Transcribe, exactly and without pictures, the lines below from the line with "Women Long Sleeve" to the line with "KS Tools Empty", both ends included, and no others.
(Given data begins)
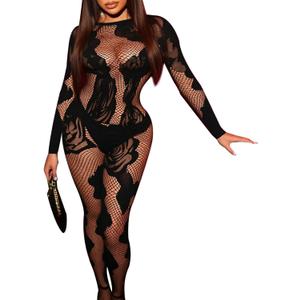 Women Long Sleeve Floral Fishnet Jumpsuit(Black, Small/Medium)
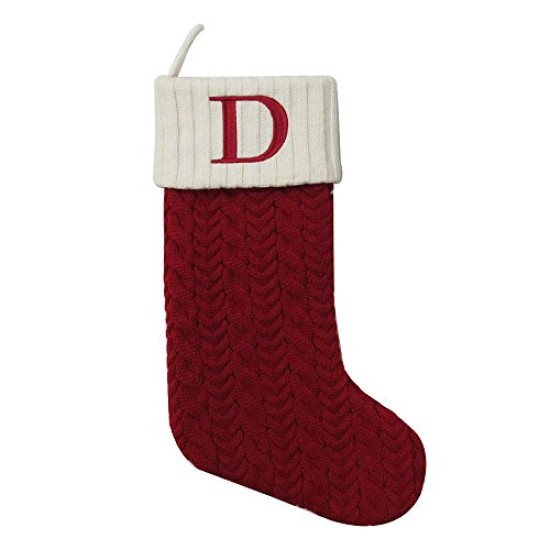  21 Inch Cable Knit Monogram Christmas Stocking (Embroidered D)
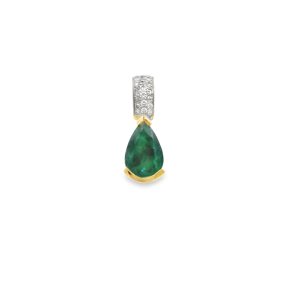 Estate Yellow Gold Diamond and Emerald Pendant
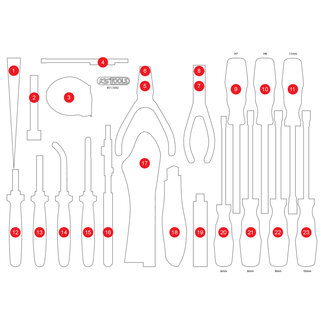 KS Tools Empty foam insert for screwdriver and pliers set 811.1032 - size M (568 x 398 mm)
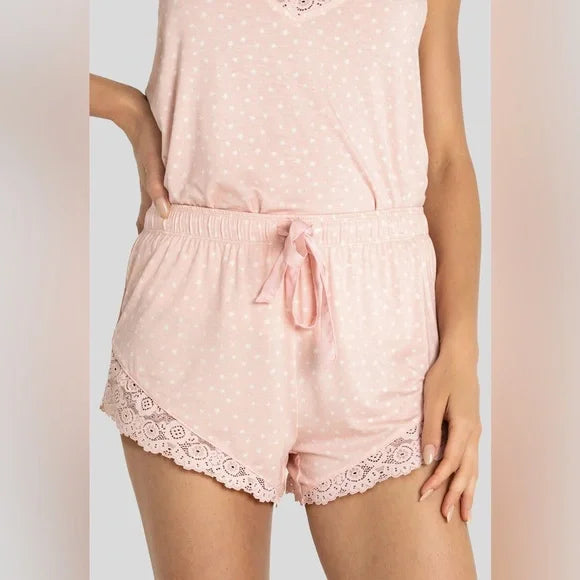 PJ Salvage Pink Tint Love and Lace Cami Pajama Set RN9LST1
(Given data ends)
(Given data begins)
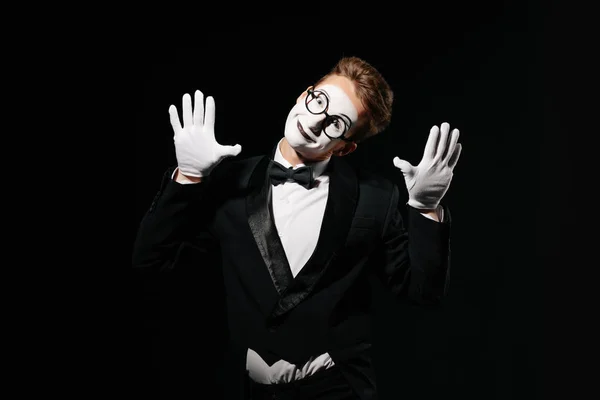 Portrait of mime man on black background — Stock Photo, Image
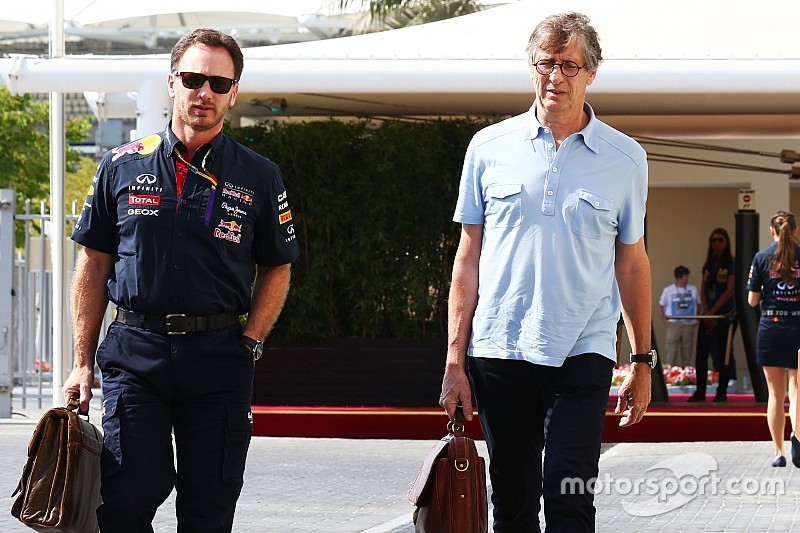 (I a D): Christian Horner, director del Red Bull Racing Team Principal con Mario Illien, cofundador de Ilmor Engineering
(Given data ends)
(Given data begins)
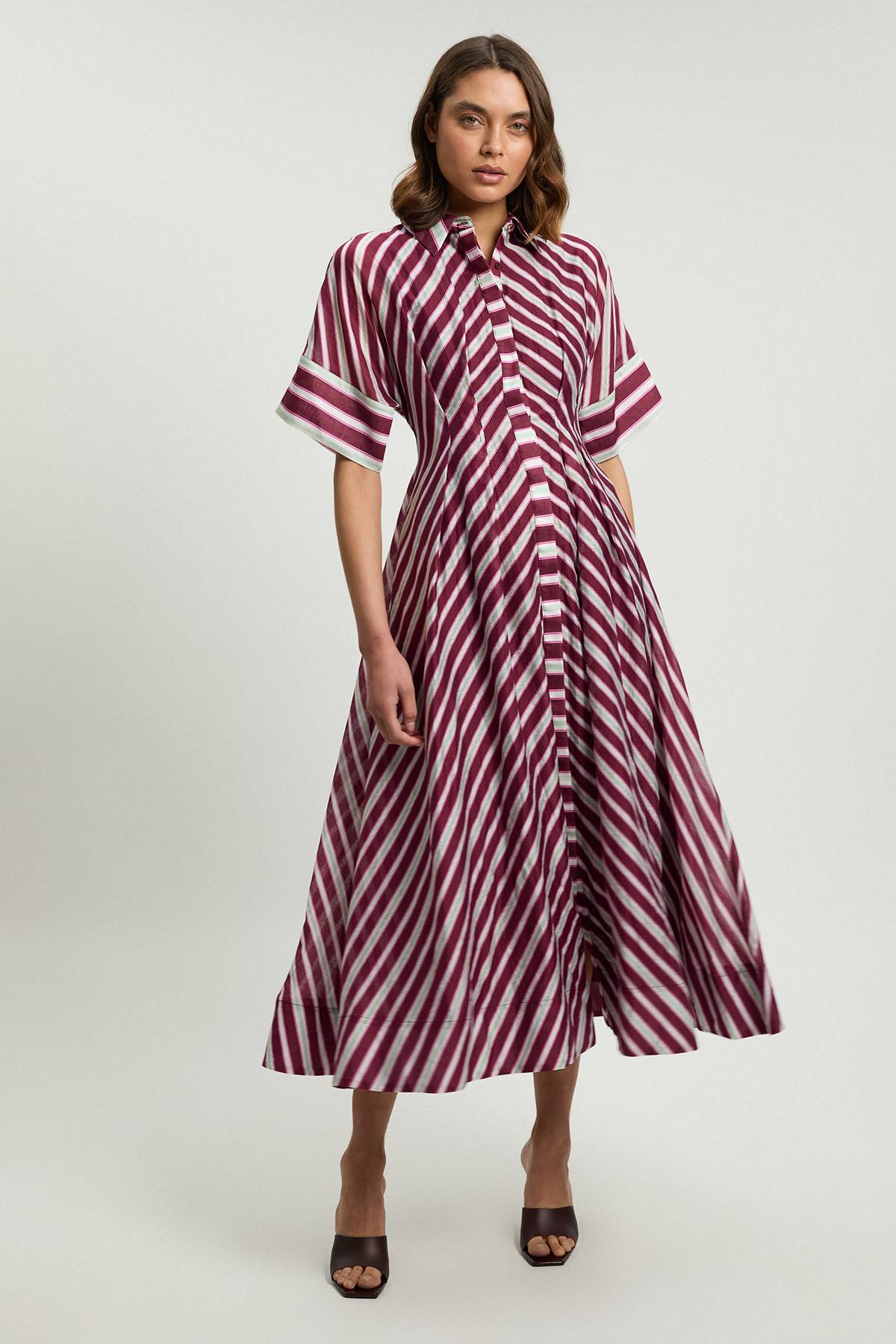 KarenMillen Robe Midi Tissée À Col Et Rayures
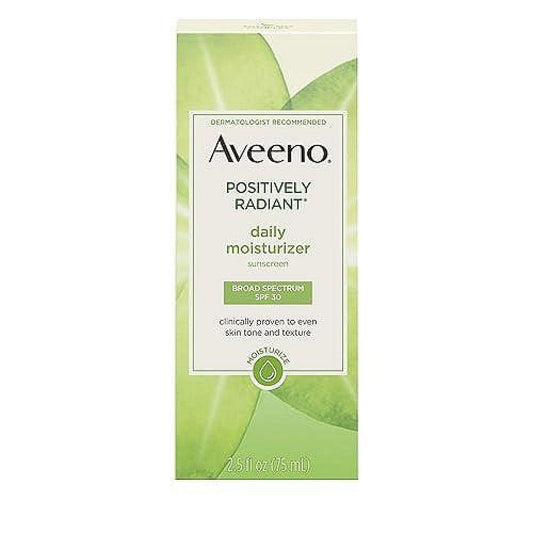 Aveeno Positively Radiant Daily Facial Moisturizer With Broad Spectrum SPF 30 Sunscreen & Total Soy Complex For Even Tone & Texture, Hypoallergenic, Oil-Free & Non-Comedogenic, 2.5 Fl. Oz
(Given data ends)
* Exercise answer *
 Women Long Sleeve Floral Fishnet Jumpsuit(Black, Small/Medium)
  21 Inch Cable Knit Monogram Christmas Stocking (Embroidered D)
 Estate Yellow Gold Diamond and Emerald Pendant
 KS Tools Empty foam insert for screwdriver and pliers set 811.1032 - size M (568 x 398 mm)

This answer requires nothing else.